Presentation
The 1973/74 and 1978/79 oil crises impressed upon the main oil-importing economies the need to take steps in order to mitigate the effects of major oil-supply disruptions.
As a response, the International Energy Agency was instituted within the OECD and common rules on supply security were later adopted by the European Union. Both have in common
the stipulation that mandatory stocks of petroleum and petroleum-products are to be maintained by the member-countries, so that they can be released in the event of a considerable
supply crisis.
EGREP, E.P.E. follows the model most widely adopted by OECD countries in order to ensure compliance with compulsory stock obligations, namely, a state agency who maintains the whole or part of such stocks. It is the model elected, among others, by Denmark, France, Germany, Ireland, The Netherlands and Spain. In some countries, such as Germany, Ireland and The Netherlands, the agency is responsible for the whole of the emergency reserves; others, like France, Portugal and Spain, split the obligation between the agency and the industry.

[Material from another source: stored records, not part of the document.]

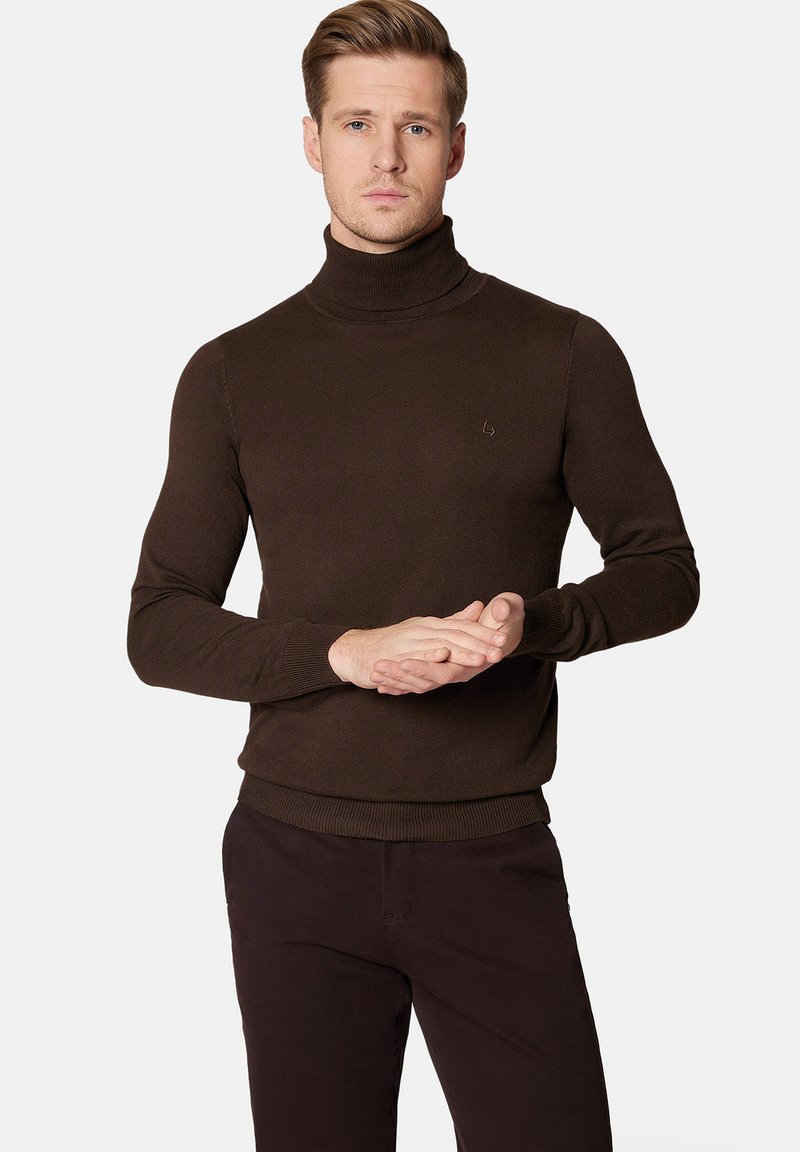 Brązowy sweter typu golf z dopasowanym krojem, z prążkowanymi mankietami i dołem, z małym logo na piersi, noszony z ciemnymi spodniami.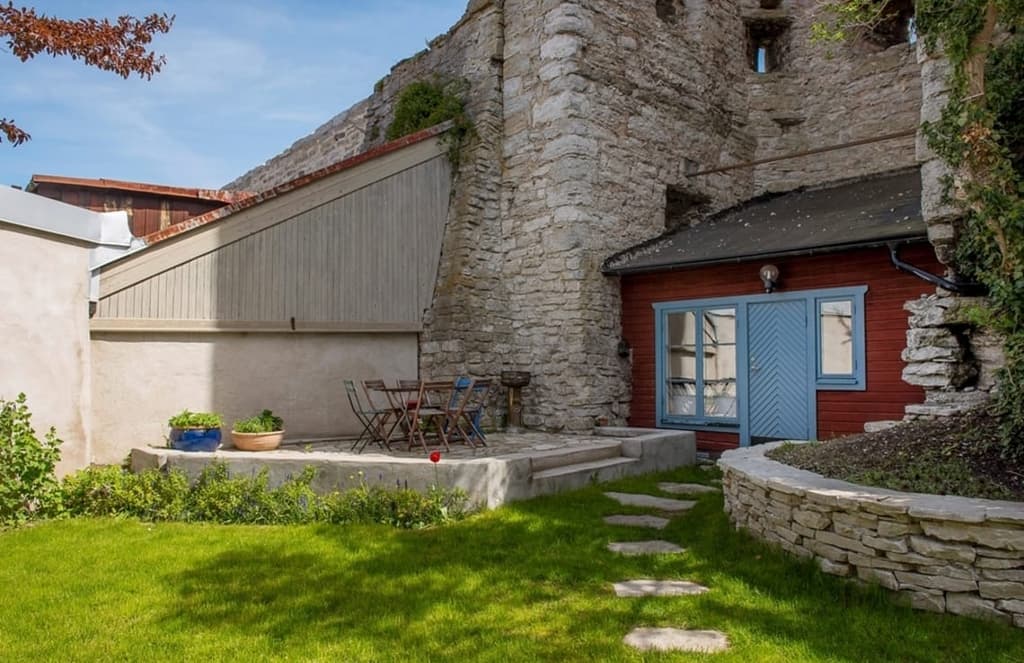 A holiday home embedded in medieval walls is on the market in Sweden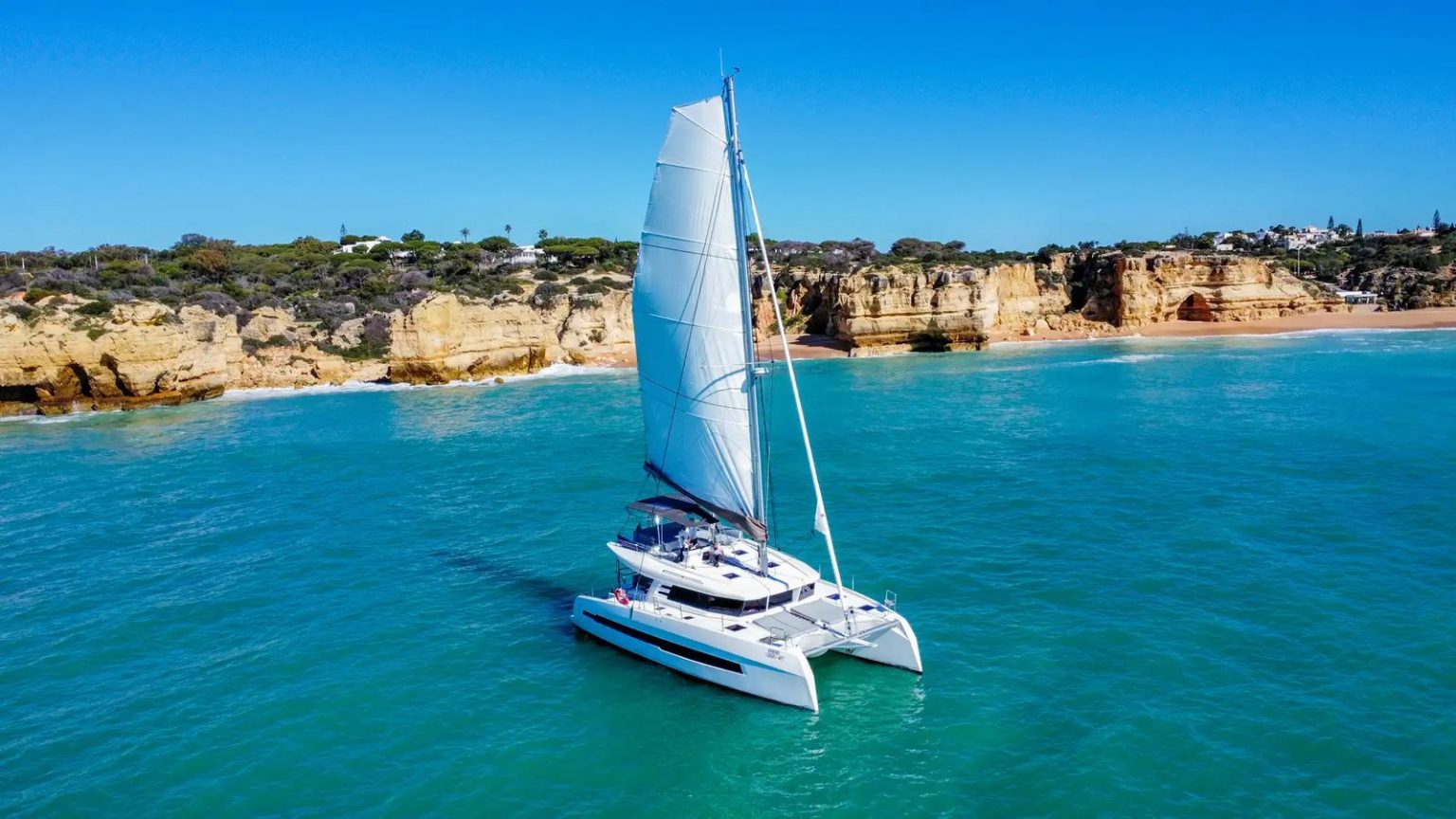 Private sailing catamaran in turquoise water below the Albufeira cliffs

EGREP is a public corporate entity whose role is to build up and maintain the “strategic” portion of the emergency stocks of petroleum and petroleum-products. This service is financed through a levy charged to oil-sector operators based on the volume of oil-products they introduce in the market.
EGREP aims at balancing its budget, in accordance with the prevailing model throughout the European Union. This not-for-profit nature was formally mandated by the recent European directive on emergency stocks, due to be transposed into national law no later than the 31st of December 2012.